En los últimos tiempos, de manera espontánea, me vengo interesando más y más por los proyectos colectivos. Quizá debiera decir “nos venimos interesando”, y hablar en general. Por ejemplo, este agosto, en la próxima Feria del Libro Internacional de Lima, presentaremos dos libros: el primero es una antología de cuentos de escritores peruanos residentes en Estados Unidos, editada por Carlos Villacorta y por mí. En la introducción abordamos ciertos parámetros para entender esta literatura migrante: el progresivo avance de Estados Unidos como un destino deseable para los escritores; la diversidad de espacios urbanos como rurales que estos habitan; su nexo más o menos cercano, pero insoslayable, con la universidad, la academia y la educación; el agotamiento del optimismo abrazado por la generación McOndo y el Crack; la vivencia apocalíptica, bolañesca, del presente político; el predominio de la autoficción como crónica imaginativa del trayecto personal, entre otros puntos. Los puntos en sí no son importantes, lo que importa es haber coordinado nuestras voces sin fusionarlas: todo un desafío para el escritor ermitaño.
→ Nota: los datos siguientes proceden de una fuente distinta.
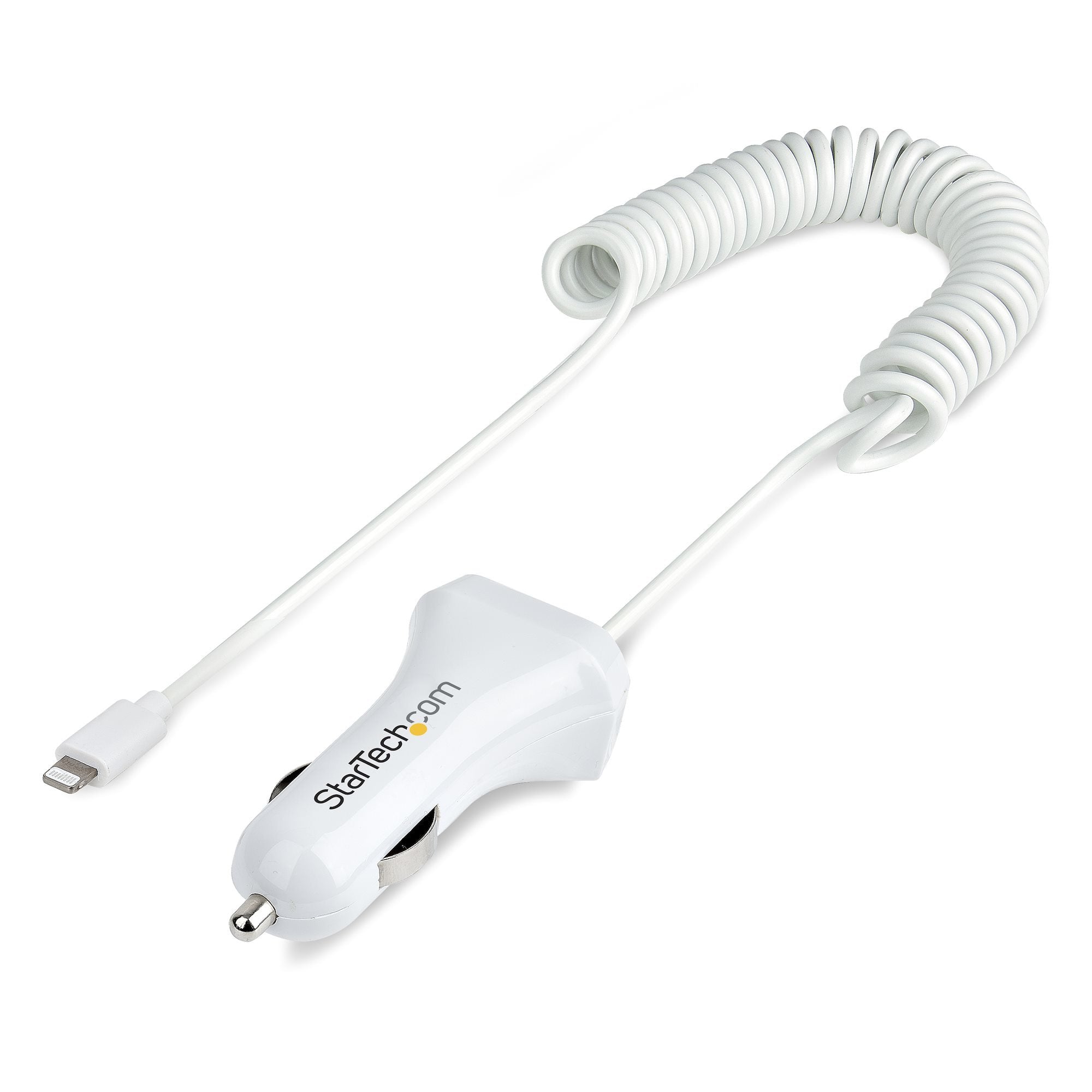 Startech Cargador De Coche Con Cable Rizado Lightning, 1m 12w Blanco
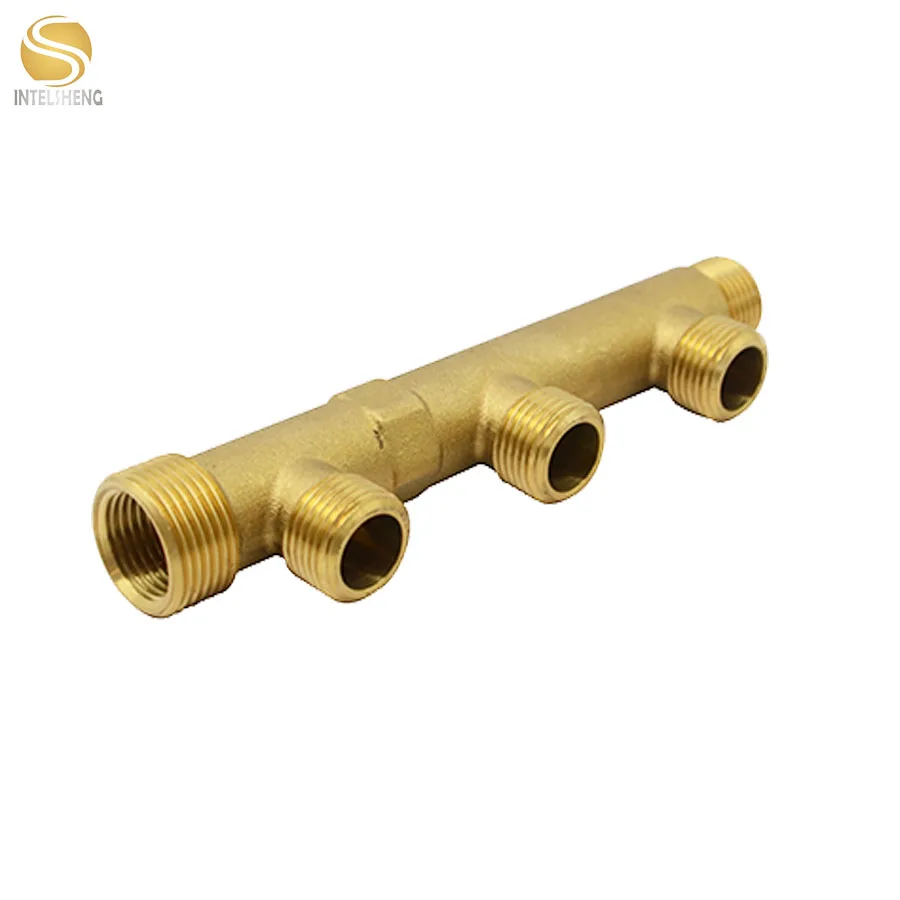 2/3/4 ways heating flow water meter tube pipe fittings connector brass copper industrial manifold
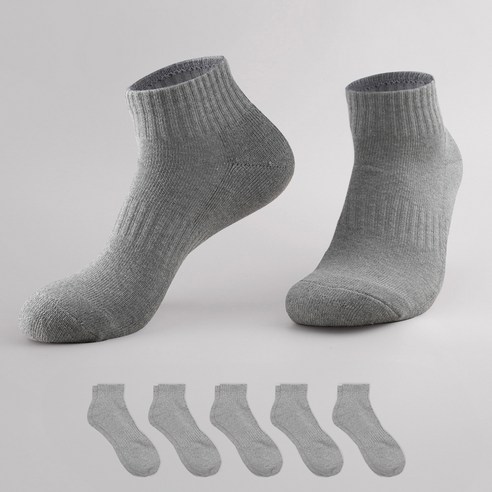 삭피엔스 데오프레시 쿠션 스포츠 단목 밴드 양말 5켤레, 그레이, 1세트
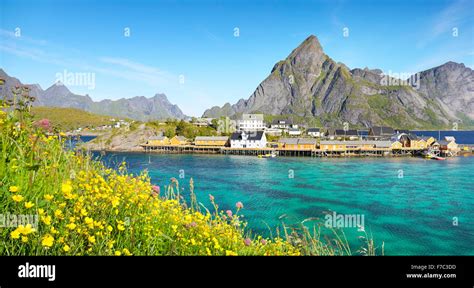 Lofoten Islands Spring Landscape Moskenes Norway Stock Photo Alamy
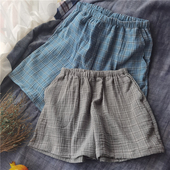 情侣男女短裤 纯棉水洗棉格子双层棉纱睡裤 家居服裤 日系新款 子夏季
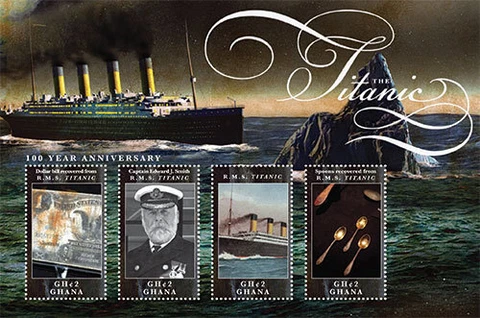 Ghana 2012 - R.M.S. 100th Anniversary Titanic - Sheet of 4 stamps - MNH Cover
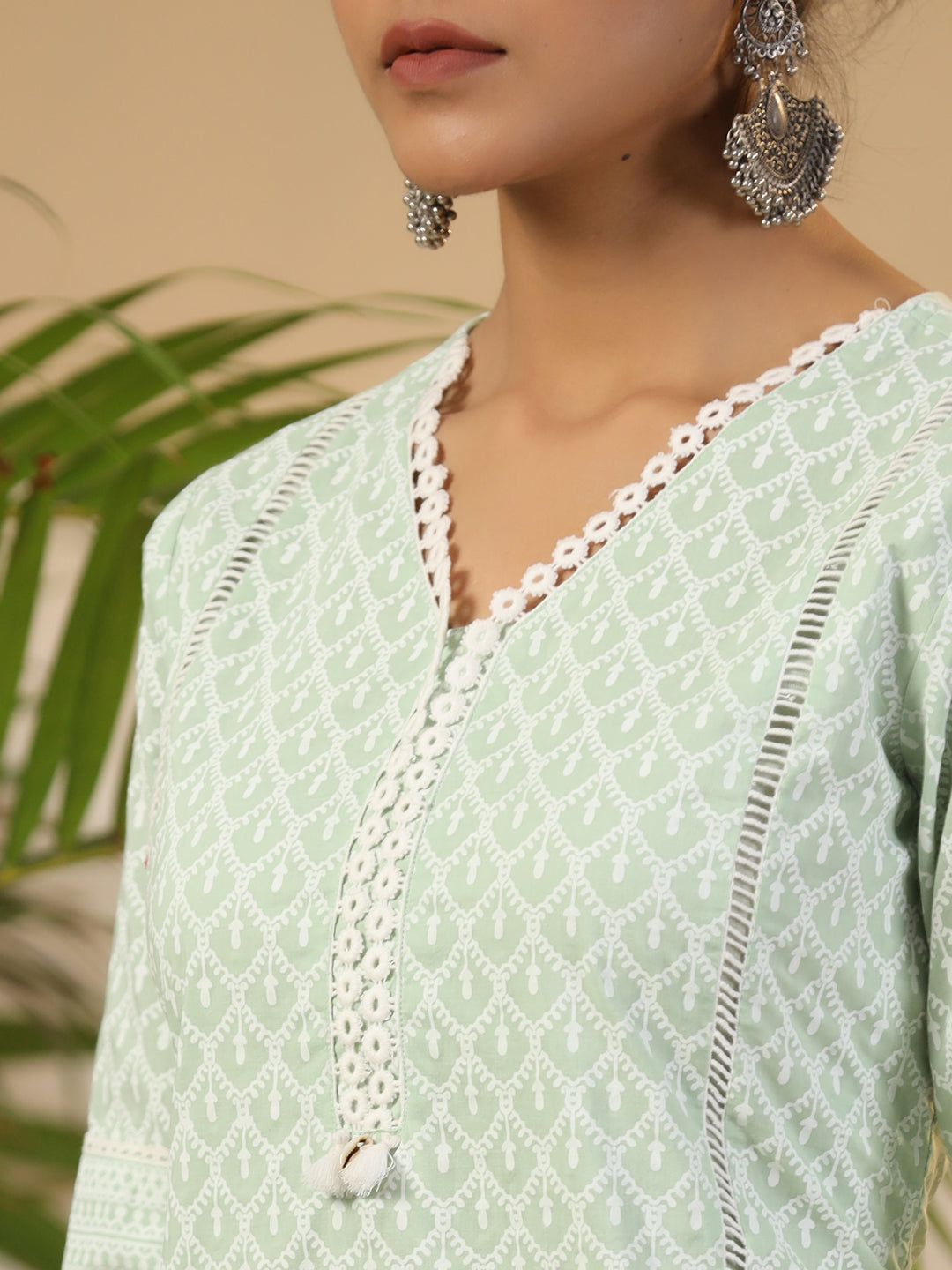 Juniper The Rooh Mint Ethnic Print & Lacy Pure Cotton Kurta & Palazzo Set With Lining & Kota Doria Dupatta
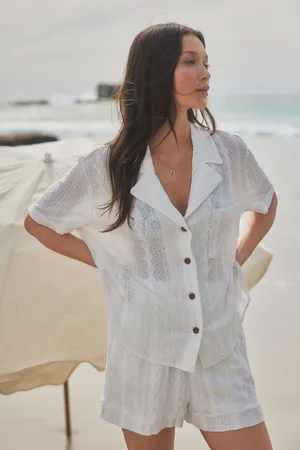 Next Broderie Short Sleeve Holiday Shirt48 Tall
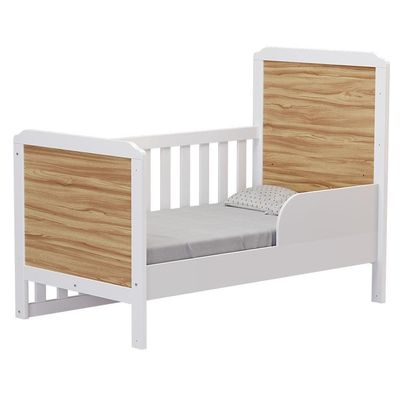 Berço Americano Cloe 2 Em 1 Branco Brilho/amêndoa - Móveis Peroba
El segundo proyecto colectivo es un librito bastante raro, un divertimento muy serio, escrito a seis manos con otros dos escritores. Paul Baudry, Félix Terrones y yo pasamos unos días en el pueblo de Obrajillo, ubicado en la sierra limeña, para redactar un texto híbrido, narrativo y ensayístico, sobre la historia literaria de esa localidad andina: en Obrajillo intentó suicidarse José María Arguedas, a Obrajillo llegó Julio Ramón Ribeyro, y en Obrajillo terminó Miguel Gutiérrez algunos capítulos de La violencia del tiempo. En nuestro libro, imaginamos el viaje de Arguedas a la noche eterna, el paseo de Ribeyro a una suerte de comarca atemporal, y también nuestro propio, modesto periplo. La experiencia de escribir en grupo, conversando y debatiendo, ha sido como diseñar, primero, una mente comunal, para que esta genere escritura. Una mente comunal, y también un corazón: quizá así podríamos ir respondiendo a la pregunta original con que empezamos esta charla, y que tenía que ver con la situación que nos congrega hoy. ¿Qué es un festival, si no eso?
Algo así, por lo menos, es lo que ha significado para mí este Tercer Festival del Libro Hispano: la oportunidad perfecta para seguir sumando pequeñas y bellísimas patrias a mi voraz necesidad de compañía y pertenencia. Una vez más, le agradezco a su director, Hemil, y a todos ustedes por haber brindado su tiempo, su atención y su presencia a la edificación de este sueño común.
*Charla leída en el III Festival del Libro Hispano de Virginia.